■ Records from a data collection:
────────────────────
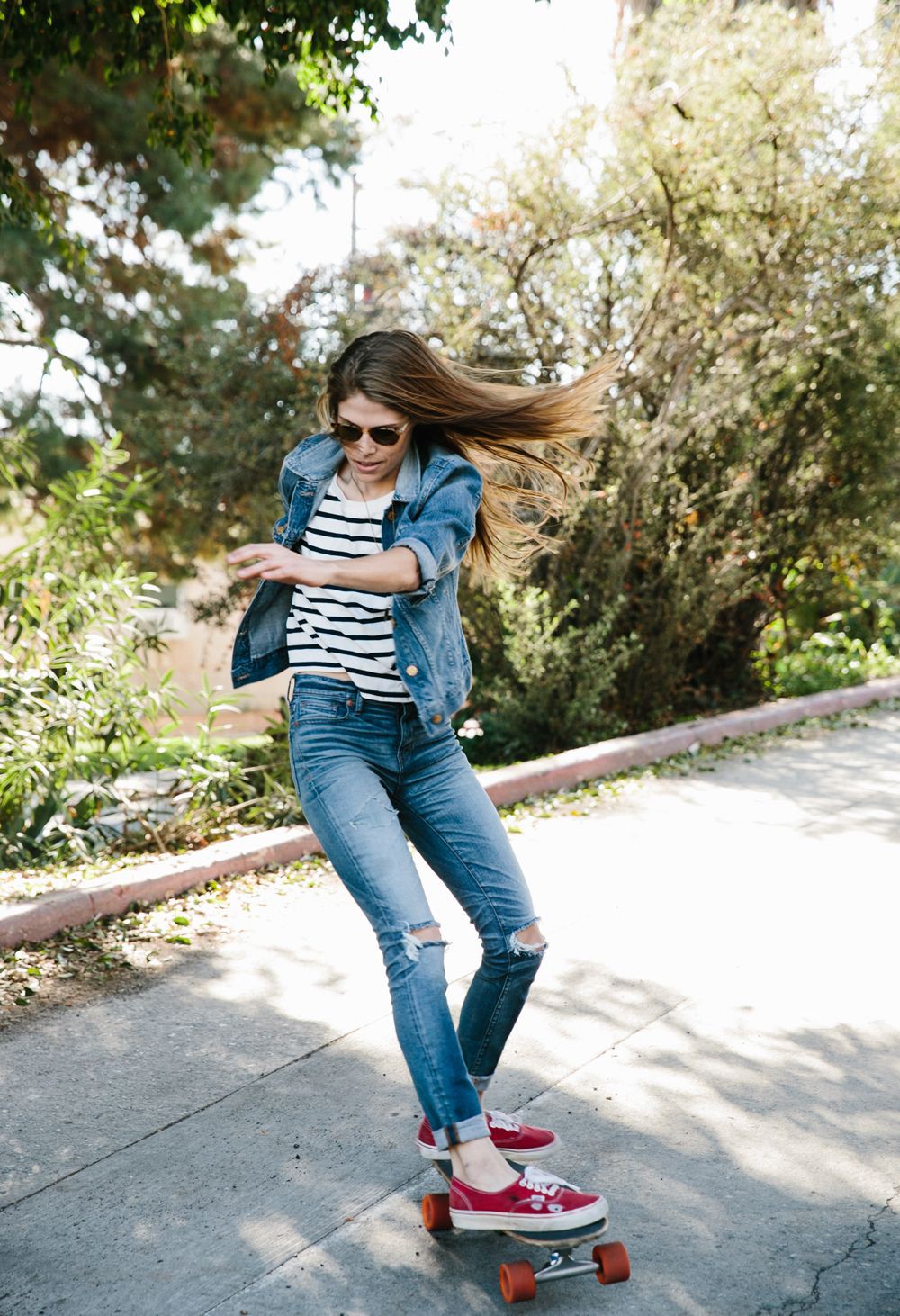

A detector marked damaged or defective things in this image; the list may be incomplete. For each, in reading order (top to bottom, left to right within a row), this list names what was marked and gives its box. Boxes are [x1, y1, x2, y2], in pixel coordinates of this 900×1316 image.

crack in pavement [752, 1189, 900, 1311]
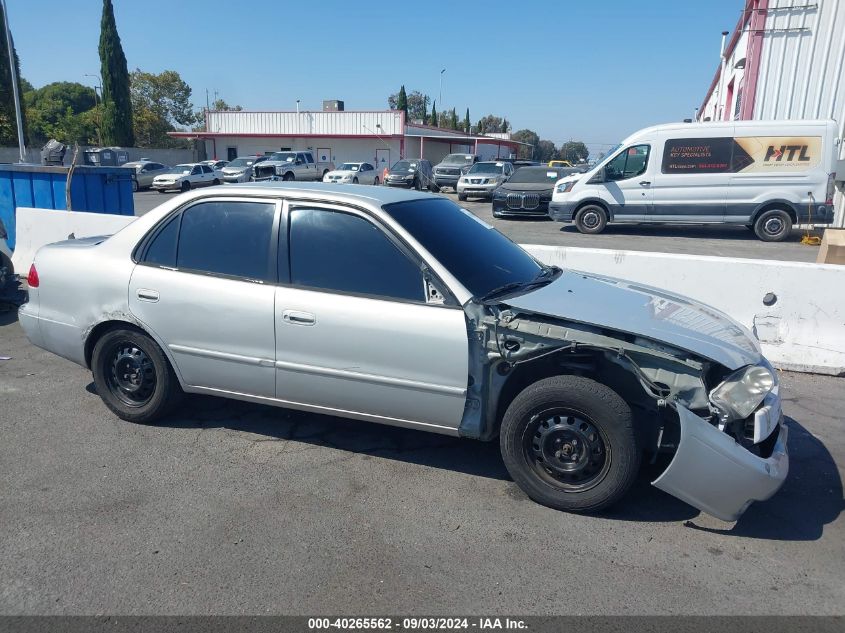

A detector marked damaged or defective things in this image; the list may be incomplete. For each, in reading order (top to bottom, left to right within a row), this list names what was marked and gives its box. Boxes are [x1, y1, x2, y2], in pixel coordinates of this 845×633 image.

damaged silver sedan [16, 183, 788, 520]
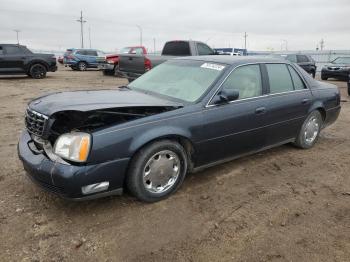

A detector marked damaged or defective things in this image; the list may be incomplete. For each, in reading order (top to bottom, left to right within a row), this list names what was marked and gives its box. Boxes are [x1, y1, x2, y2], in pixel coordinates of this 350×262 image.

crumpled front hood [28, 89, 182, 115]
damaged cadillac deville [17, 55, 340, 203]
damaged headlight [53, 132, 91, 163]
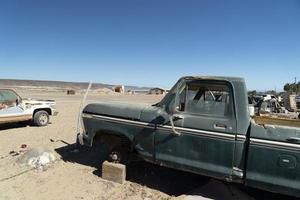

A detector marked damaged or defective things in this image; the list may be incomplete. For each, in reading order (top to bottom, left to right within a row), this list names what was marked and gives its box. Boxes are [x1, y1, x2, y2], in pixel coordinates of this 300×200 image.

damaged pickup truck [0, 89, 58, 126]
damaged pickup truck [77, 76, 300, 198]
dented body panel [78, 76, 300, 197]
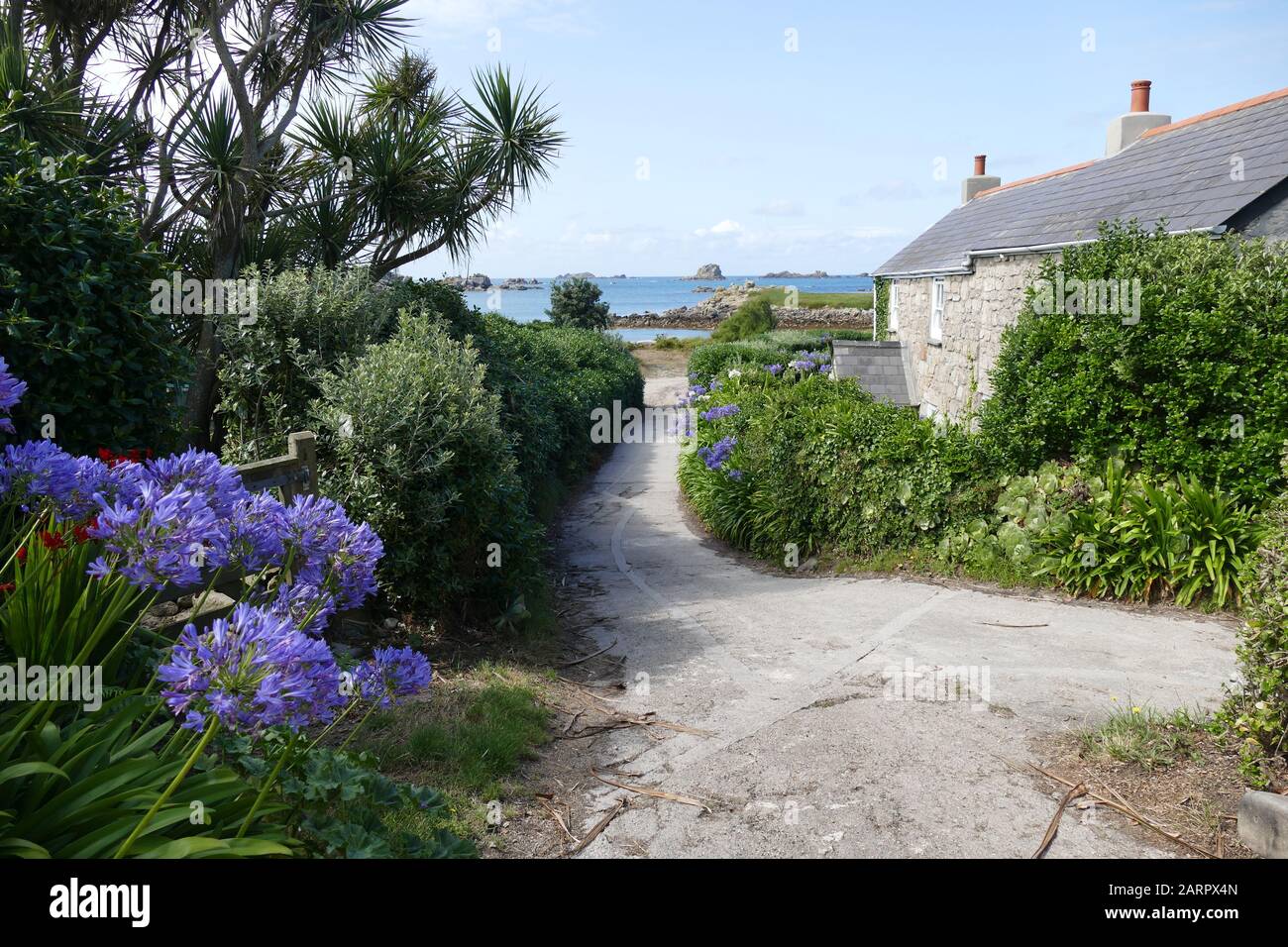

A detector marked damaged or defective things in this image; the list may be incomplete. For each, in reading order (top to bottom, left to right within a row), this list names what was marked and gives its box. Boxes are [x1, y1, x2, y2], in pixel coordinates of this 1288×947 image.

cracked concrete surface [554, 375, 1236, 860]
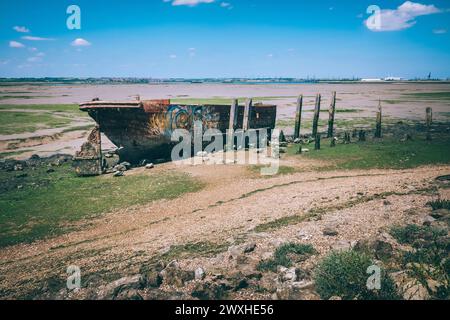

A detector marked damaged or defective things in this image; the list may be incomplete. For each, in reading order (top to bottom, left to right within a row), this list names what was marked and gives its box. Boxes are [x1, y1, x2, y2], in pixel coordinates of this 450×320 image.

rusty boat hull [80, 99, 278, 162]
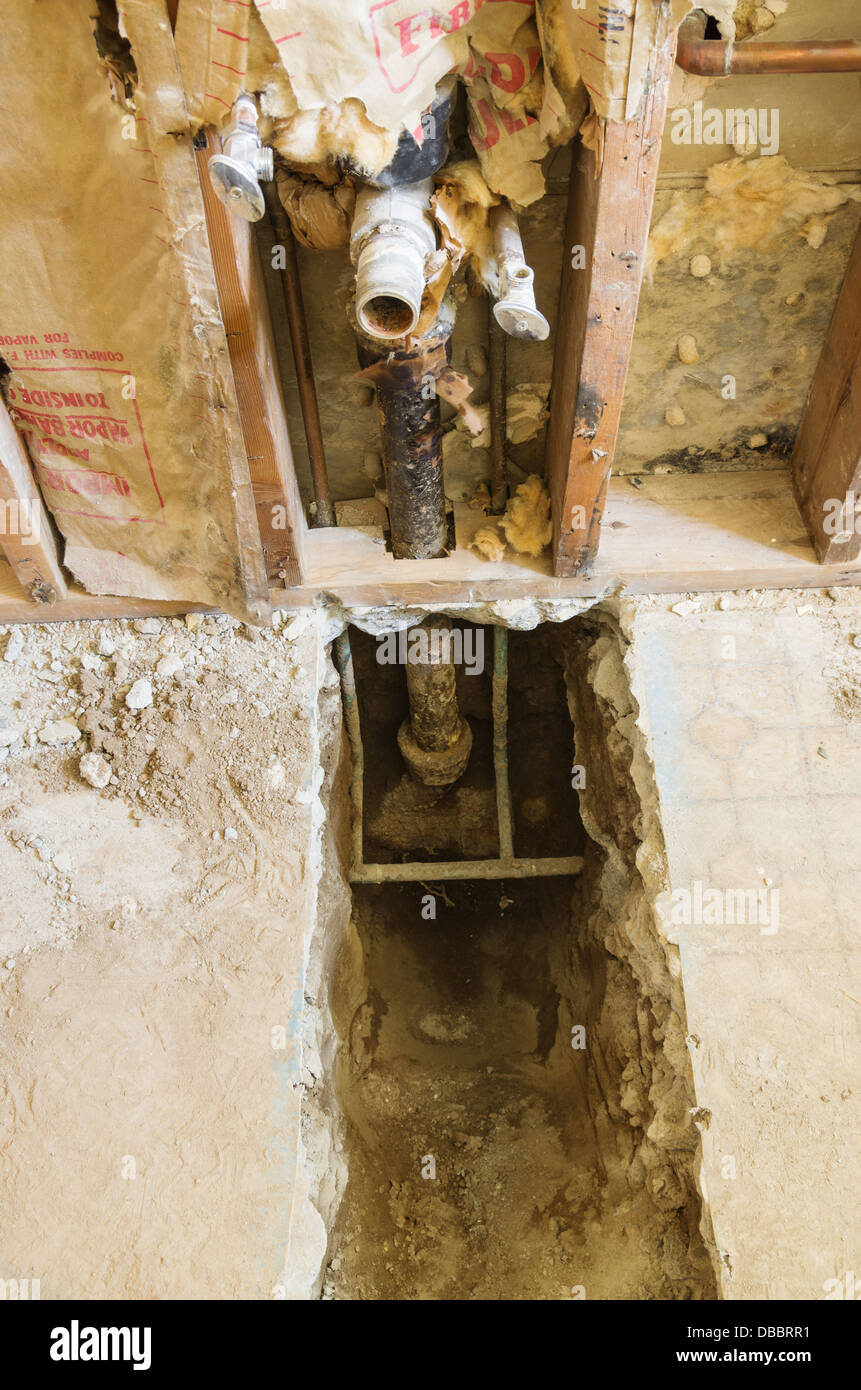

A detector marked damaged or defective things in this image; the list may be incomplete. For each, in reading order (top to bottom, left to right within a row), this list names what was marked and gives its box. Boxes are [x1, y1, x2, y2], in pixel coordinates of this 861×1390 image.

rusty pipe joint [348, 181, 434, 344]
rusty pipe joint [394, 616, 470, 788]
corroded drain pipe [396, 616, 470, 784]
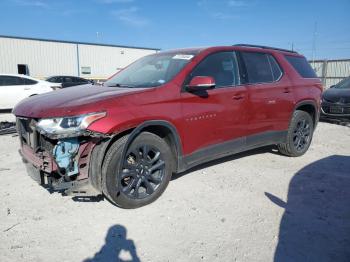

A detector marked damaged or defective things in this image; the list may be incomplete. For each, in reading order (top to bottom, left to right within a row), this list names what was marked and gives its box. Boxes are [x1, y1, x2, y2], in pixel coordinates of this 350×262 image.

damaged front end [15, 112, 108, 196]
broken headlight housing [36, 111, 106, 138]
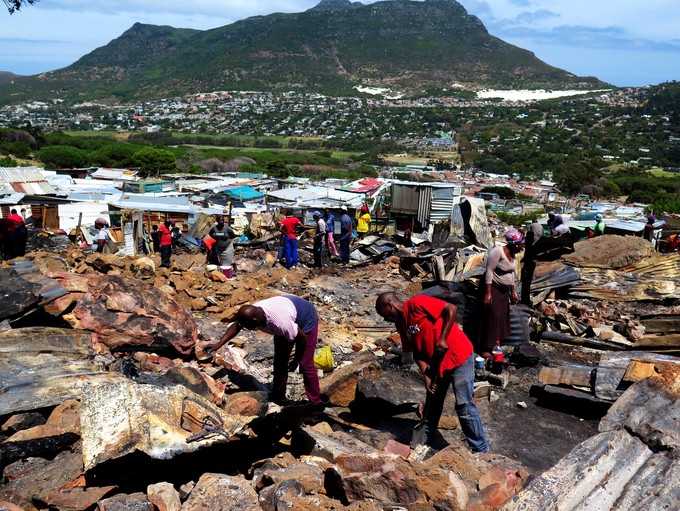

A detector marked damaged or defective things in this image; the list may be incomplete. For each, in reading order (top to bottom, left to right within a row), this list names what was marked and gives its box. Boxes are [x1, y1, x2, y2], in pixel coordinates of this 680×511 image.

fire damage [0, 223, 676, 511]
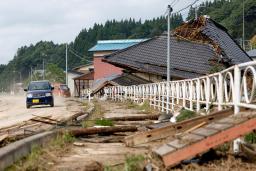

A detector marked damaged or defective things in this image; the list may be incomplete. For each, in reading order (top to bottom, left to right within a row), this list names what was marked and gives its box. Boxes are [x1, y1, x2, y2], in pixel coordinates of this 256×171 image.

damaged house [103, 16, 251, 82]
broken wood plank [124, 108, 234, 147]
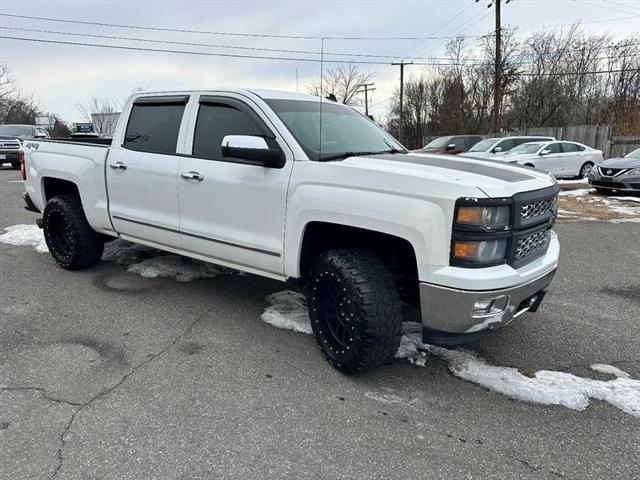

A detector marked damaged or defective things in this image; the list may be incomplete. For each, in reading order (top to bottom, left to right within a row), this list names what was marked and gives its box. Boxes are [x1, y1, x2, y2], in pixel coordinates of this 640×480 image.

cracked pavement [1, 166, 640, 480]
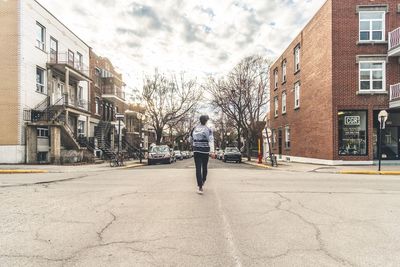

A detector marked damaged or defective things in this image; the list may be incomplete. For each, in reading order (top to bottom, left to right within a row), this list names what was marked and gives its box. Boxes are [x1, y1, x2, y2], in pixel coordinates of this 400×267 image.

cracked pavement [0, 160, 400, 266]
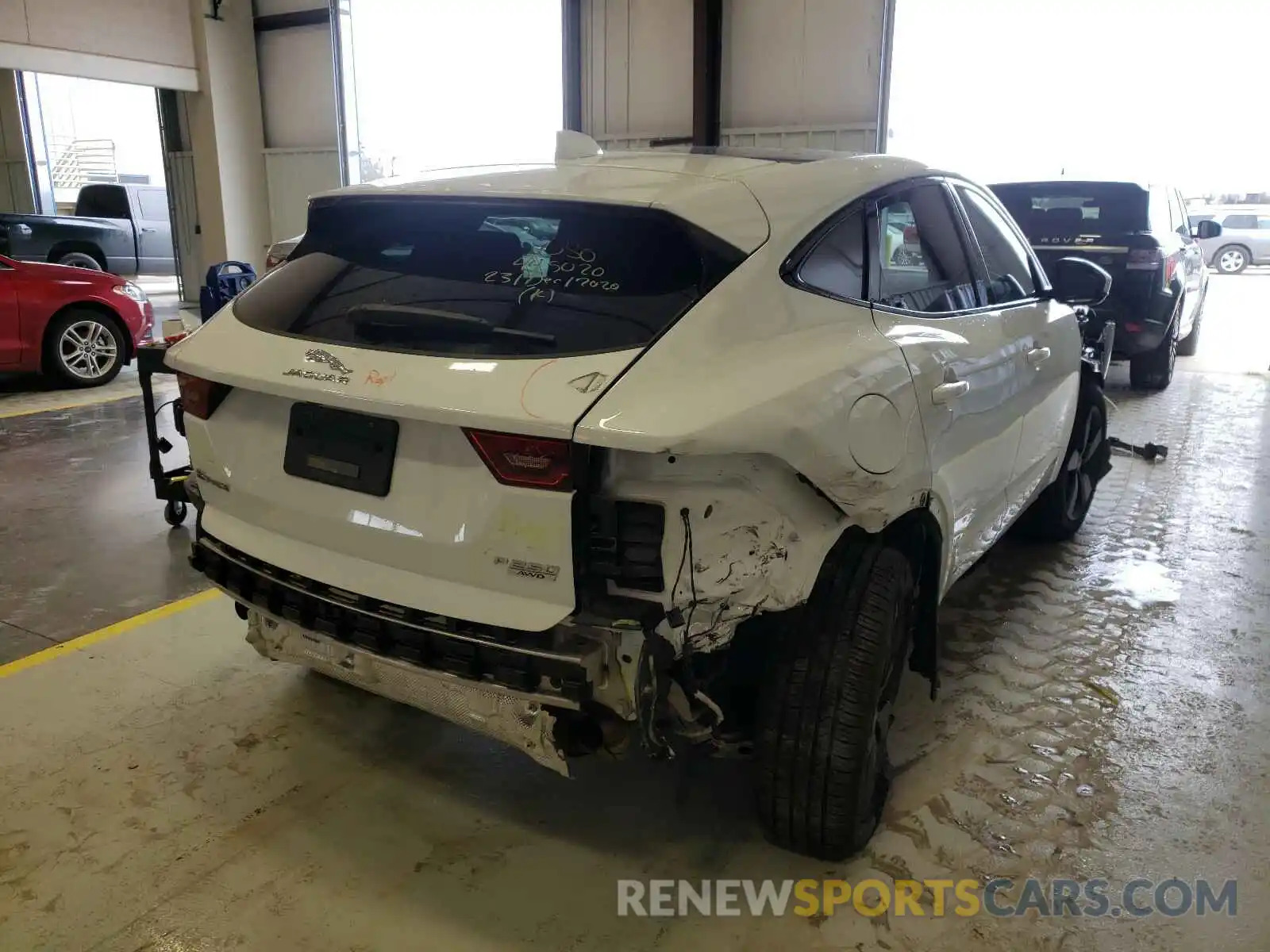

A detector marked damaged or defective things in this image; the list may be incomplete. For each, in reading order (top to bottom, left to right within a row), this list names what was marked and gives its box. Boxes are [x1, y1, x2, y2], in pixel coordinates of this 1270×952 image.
────────────────────
■ WHAT TO DO:
Please repeat the records above exactly, omitting any pictures they contain.

■ RESPONSE TO THE EXERCISE:
A detector marked damaged or defective things in this image; the list may be incomplete. For each, in reading order (top to bottom, left to right within a row), this list names what was marked and gives its box. Boxes are [x1, y1, x2, y2], in pixel coordinates of this 900×1316 image.

crack in pavement [752, 1189, 900, 1311]

A detector marked damaged or defective things in this image; the list may be incomplete. For each, in reading order (top to bottom, left to right within a row), this list names what was marked and gives its box. Boxes are [x1, y1, x2, y2], in pixel coordinates of this 845×633 image.

damaged silver sedan [16, 183, 788, 520]

A detector marked damaged or defective things in this image; the list may be incomplete. For each, in reading order (top to bottom, left to right within a row), this list names what was marked and gives its box. Boxes are [x1, y1, x2, y2], in pixel coordinates of this 350×262 image.

crumpled front hood [28, 89, 182, 115]
damaged cadillac deville [17, 55, 340, 203]
damaged headlight [53, 132, 91, 163]

A detector marked damaged or defective things in this image; the list may be incomplete. For each, in reading order (top to bottom, left to right within a row), this list names what was marked and gives its box. Boxes are [x1, y1, x2, y2], in pixel coordinates of this 300×200 image.

damaged pickup truck [0, 89, 58, 126]
damaged pickup truck [77, 76, 300, 198]
dented body panel [78, 76, 300, 197]

A detector marked damaged or defective things in this image; the list may be incomplete. For each, in reading order (top to bottom, left to right within a row), this list names what was marked and gives its box. Boxes are [x1, y1, x2, y2], in pixel coordinates of this 1288×947 image.

cracked concrete surface [554, 375, 1236, 860]

A detector marked damaged or defective things in this image; the list may be incomplete. For each, in reading order (top to bottom, left to right within a row), this list names what was marked and gives its box. Boxes are [x1, y1, x2, y2], in pixel coordinates of this 450×320 image.

rusty boat hull [80, 99, 278, 162]

A detector marked damaged or defective things in this image; the list may be incomplete. For each, in reading order (top to bottom, left to right within a row), this list names what was marked and gives its box. Boxes are [x1, y1, x2, y2], in pixel coordinates of this 861×1390 image.

rusty pipe joint [348, 181, 434, 344]
rusty pipe joint [394, 616, 470, 788]
corroded drain pipe [396, 616, 470, 784]

A detector marked damaged or defective things in this image; the list may be incomplete. For each, in reading order (top to bottom, left to right within a row), this list names what was marked and gives its box. Boxes are [x1, y1, x2, y2], in pixel coordinates of this 350×262 image.

damaged front end [15, 112, 108, 196]
broken headlight housing [36, 111, 106, 138]

A detector marked damaged or defective things in this image; the list may be incomplete. For each, in reading order (top to bottom, left to right within a row), this list names what was marked and gives its box. Boxes are [x1, y1, x2, y2], in pixel coordinates of this 680×511 image.

fire damage [0, 223, 676, 511]

A detector marked damaged or defective things in this image; the list may be incomplete. For each, in reading order (top to bottom, left to right within a row), this list names what was marked and gives its box. Boxes are [x1, y1, x2, y2], in pixel coordinates of this 256×171 image.

damaged house [103, 16, 251, 82]
broken wood plank [124, 108, 234, 147]

A detector marked damaged or defective things in this image; the list may be incomplete. For each, in reading order (top to bottom, left to right within a row), this list names what was marked and gives its box. Boxes are [x1, y1, x2, y2], in pixel coordinates of this 640×480 image.

cracked pavement [1, 166, 640, 480]

A detector marked damaged or defective things in this image; the list may be incomplete. For each, in reading order (top to bottom, left to right within a row), this list names what was marked and gives its box. Boxes are [x1, y1, x2, y2], in pixel coordinates of this 400×267 image.

cracked pavement [0, 160, 400, 266]

A detector marked damaged or defective things in this image; the list may be incomplete. For each, in reading order (top to bottom, left to right within a row), this list names what was marked and gives its box. Boxes are [x1, y1, x2, y2], in pixel coordinates of this 1270×952 image.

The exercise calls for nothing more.